The Financial Conduct Authority (FCA) in the UK states that firms remain responsible for every financial promotion published on their behalf, including content created by third-party agencies (FCA Finalised Guidance FG24/1, March 2024). The Canadian Securities Administrators (CSA) warned in December 2025 that firms may face enforcement action for content published on their behalf by third parties, even if violations are unintentional (CSA/CIRO Joint Staff Notice 31-369). In the US, the Financial Industry Regulatory Authority (FINRA) reaffirms in its 2026 Regulatory Oversight Report that firms cannot outsource their regulatory obligations, including when using third-party vendors.

Three regulators in three countries arrived at the same conclusion independently: the compliance standard does not change because an agency produced the content. The principle is not limited to these jurisdictions. It is the direction regulated markets are moving globally.

This blog examines three structural challenges agencies face when delivering content to clients in regulated industries, and how compliance validation before delivery addresses each one.

1. Multi-client, multi-jurisdiction complexity

An agency serving a single regulated client in a single market can learn the regulatory framework over time. An agency serving multiple regulated clients across multiple markets cannot. The regulatory surface area multiplies with every client and every jurisdiction.
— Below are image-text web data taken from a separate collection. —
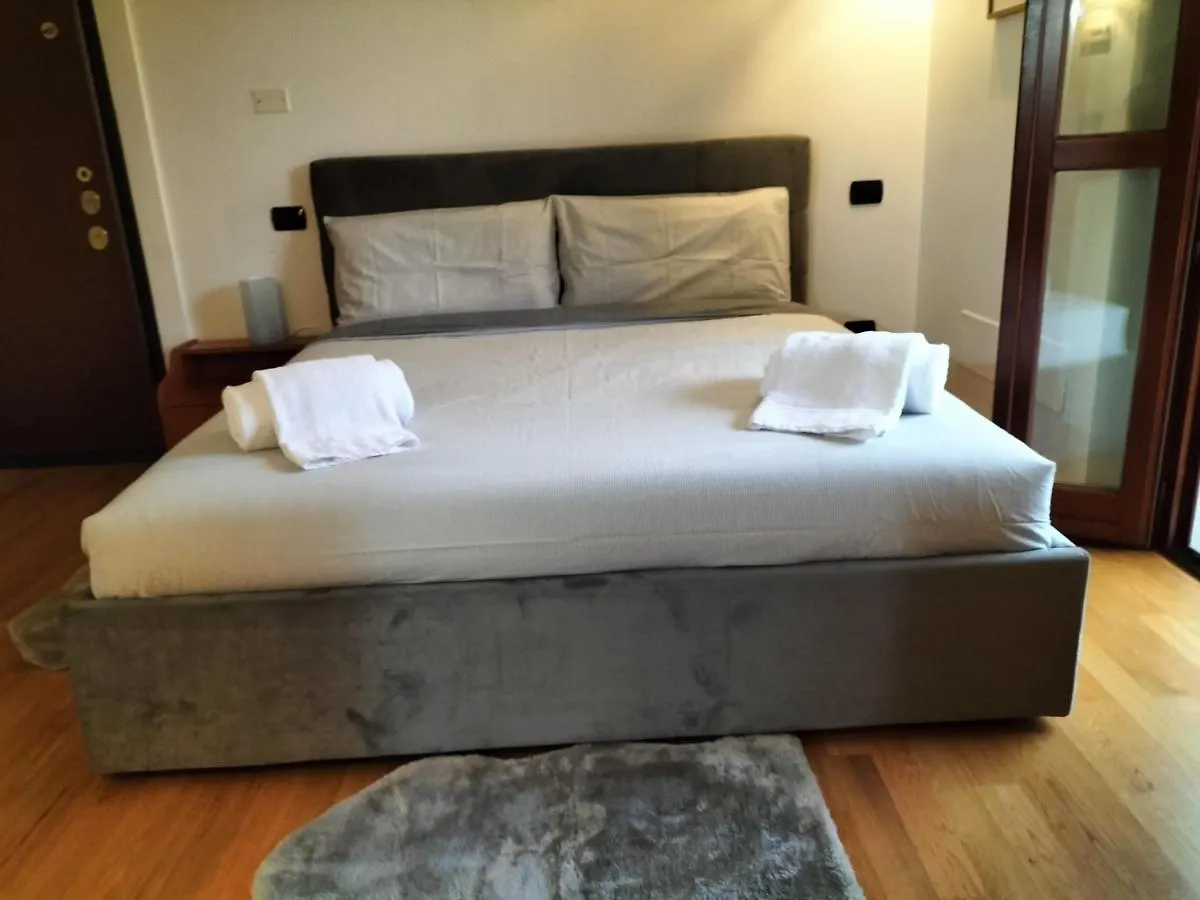 Casa Atene Milan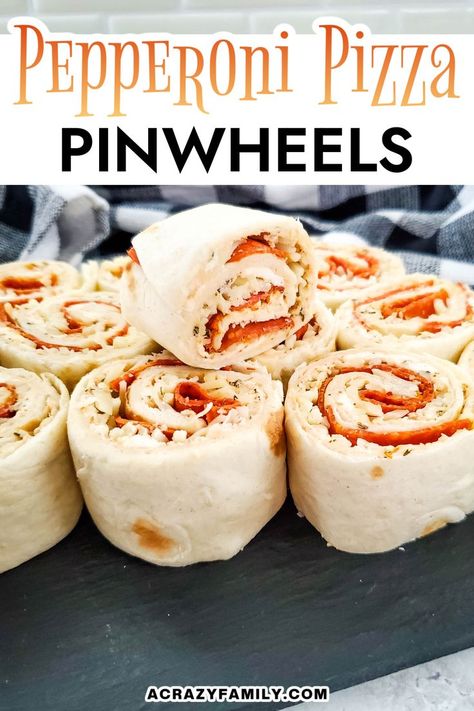 Yummy Pinwheel Recipes, Cold Pinwheels Roll Ups, Cold Pizza Pinwheels, Pinwheel Pizza Rolls, Pepperoni And Cheese Pinwheels, Pizza Tortilla Pinwheels, Pepperoni Wraps Recipes, Lunch Ideas With Pepperoni, Pizza Roll Up Appetizers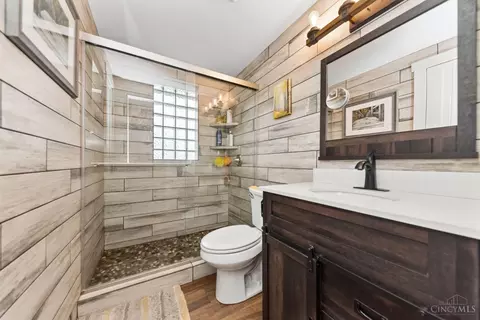 Bath - 321 Pleasant Ave, Mount Orab, OH 45154 photo 1 of 1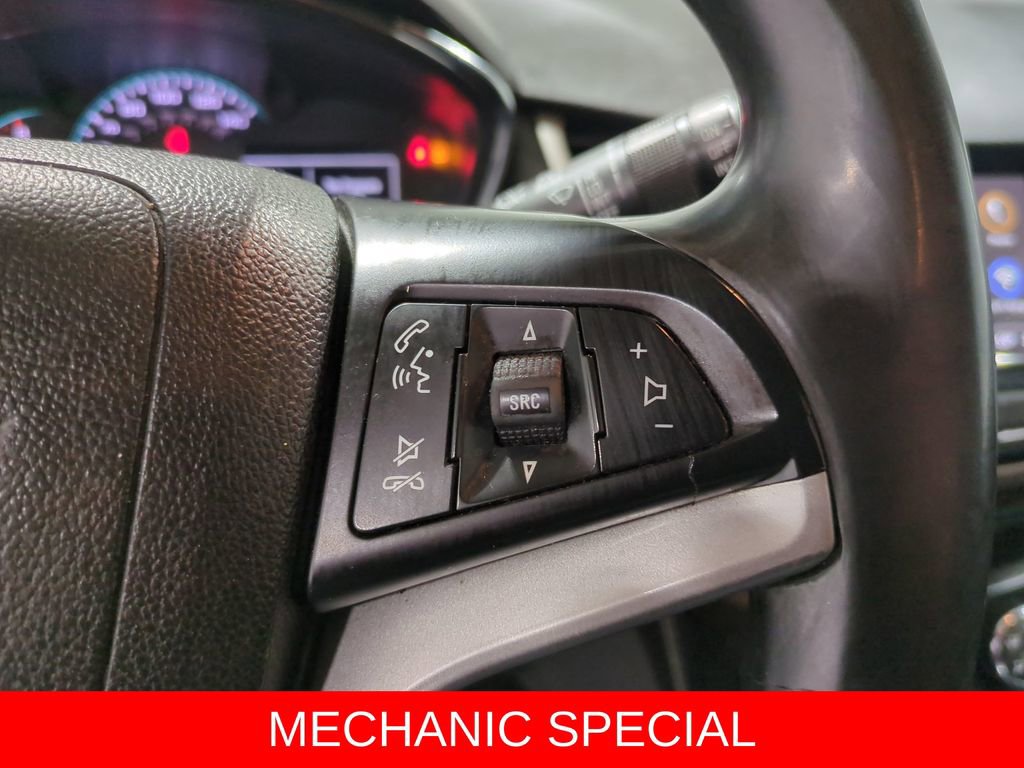 Used 2018 Chevrolet Trax LT w/ LT Convenience Package image 24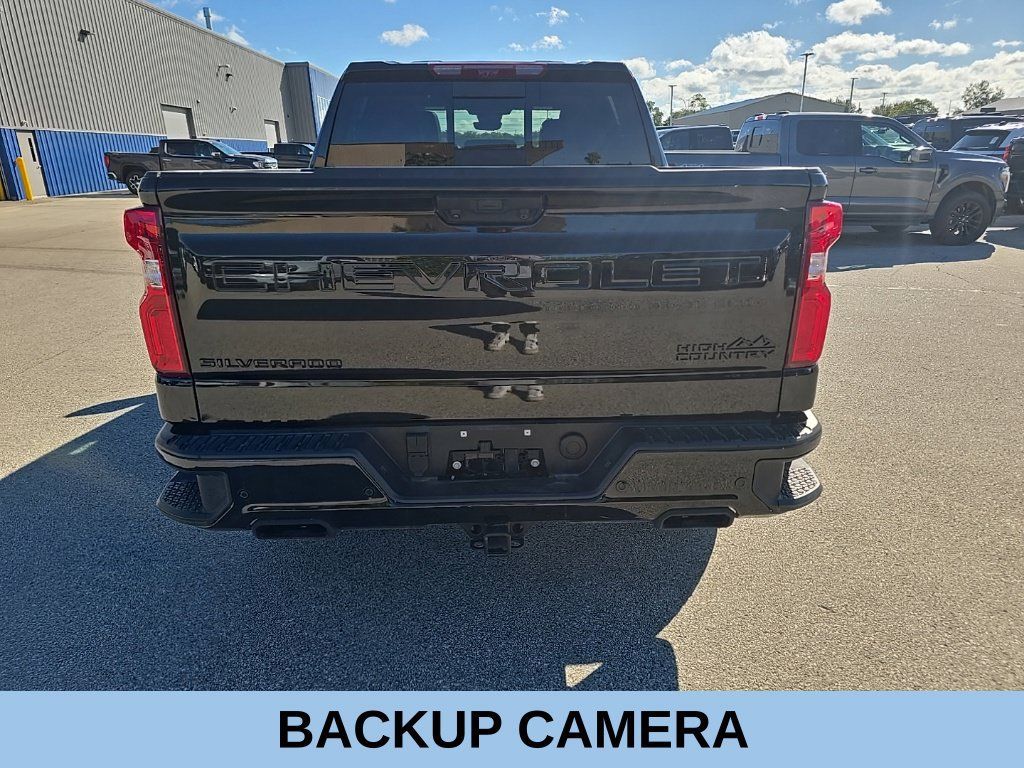 Used 2026 Chevrolet Silverado 1500 High Country w/ Midnight Edition AWD/4WD image 5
Consider an agency running a product launch for a financial services client expanding into three markets. The US campaign must comply with FINRA Rule 2210 and SEC Marketing Rule requirements. The UK version must meet FCA Consumer Duty standards and ASA advertising codes. The Canadian materials must satisfy CSA disclosure rules. The messaging is adapted for each market. The regulatory requirements are entirely different in each one. The agency is delivering all three.

No agency maintains regulatory expertise across all of these environments. Agencies are hired for creative and strategy. The regulatory knowledge sits with the client's compliance team, but the content is produced by the agency, often weeks before the compliance team sees it.

For agencies, the governance gap is compounded by the jurisdictional gap. The agency does not just lack governance for one regulatory framework. It lacks governance for every framework its clients operate under. PwC's 2025 Global Compliance Survey found that half of compliance professionals have a global remit and must navigate different laws and regulations across multiple jurisdictions (PwC, 2025). For agencies delivering content on behalf of these organisations, the jurisdictional complexity is inherited with every client relationship.

2. AI-generated content is held to the same standard

Agencies are adopting AI at speed. Digiday's 2025 survey of 142 brand and agency professionals found that 86% are now investing in AI and 72% are using it for copy generation (Digiday, Q4 2025). Production volume has scaled. The compliance validation has not.

The Stensul 2026 MarTech Governance Outlook surveyed 321 US and UK marketing technology decision-makers and found that 53% of organisations have no comprehensive AI governance for marketing campaign creation. 44% report that AI adoption has increased compliance or brand risk. Among organisations without that governance, 89% experienced at least one campaign error in 2025, compared to 44% across all organisations surveyed (Stensul, n=321, March 2026).

FINRA's 2026 Regulatory Oversight Report, published in December 2025, introduced a standalone section on generative and agentic AI for the first time. The report is explicit. AI-generated content must meet the same standards as human-created content. All communications must be fair and not misleading, including content from generative AI-powered channels. Firms are expected to ensure that their supervision and governance practices cover AI use cases, model risks, and fair and balanced customer communications.

For agencies, this means every piece of AI-generated content delivered to a client in a regulated industry is subject to the same compliance review as content written by a human copywriter. The production speed that AI enables does not come with a compliance exemption. If anything, the volume AI creates increases the compliance surface area; more content is produced across more channels, and each piece is subjected to the same regulatory requirements.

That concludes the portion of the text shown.